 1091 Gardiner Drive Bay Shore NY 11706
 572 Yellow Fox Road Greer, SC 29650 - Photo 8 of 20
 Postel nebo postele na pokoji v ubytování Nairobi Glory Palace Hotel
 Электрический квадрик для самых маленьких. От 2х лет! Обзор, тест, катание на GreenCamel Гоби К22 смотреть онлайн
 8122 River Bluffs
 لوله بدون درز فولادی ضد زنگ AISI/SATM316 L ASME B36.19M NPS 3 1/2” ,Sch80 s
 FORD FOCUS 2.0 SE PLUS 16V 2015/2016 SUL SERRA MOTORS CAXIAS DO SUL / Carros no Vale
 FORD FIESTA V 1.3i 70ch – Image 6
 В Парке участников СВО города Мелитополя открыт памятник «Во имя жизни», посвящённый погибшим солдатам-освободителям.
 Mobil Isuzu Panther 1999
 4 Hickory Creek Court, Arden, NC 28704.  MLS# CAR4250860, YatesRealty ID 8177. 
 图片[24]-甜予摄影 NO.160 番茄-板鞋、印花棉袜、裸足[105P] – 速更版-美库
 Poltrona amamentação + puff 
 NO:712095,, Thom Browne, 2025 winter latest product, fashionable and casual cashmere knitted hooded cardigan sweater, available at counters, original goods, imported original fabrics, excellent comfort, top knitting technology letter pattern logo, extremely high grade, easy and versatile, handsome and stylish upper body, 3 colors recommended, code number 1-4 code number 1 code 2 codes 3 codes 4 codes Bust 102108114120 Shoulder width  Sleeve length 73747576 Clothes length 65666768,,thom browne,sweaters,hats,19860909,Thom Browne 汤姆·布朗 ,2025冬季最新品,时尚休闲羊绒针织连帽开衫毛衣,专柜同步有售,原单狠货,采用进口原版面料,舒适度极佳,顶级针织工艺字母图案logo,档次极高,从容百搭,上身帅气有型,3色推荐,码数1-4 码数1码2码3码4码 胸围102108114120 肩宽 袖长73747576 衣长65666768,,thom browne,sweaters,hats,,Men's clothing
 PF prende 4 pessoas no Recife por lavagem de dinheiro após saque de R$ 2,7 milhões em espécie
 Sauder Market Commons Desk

**What you need to do**
If a line in the data above includes the string "FORD", copy it.

**Solution to the problem**
 FORD FOCUS 2.0 SE PLUS 16V 2015/2016 SUL SERRA MOTORS CAXIAS DO SUL / Carros no Vale
 FORD FIESTA V 1.3i 70ch – Image 6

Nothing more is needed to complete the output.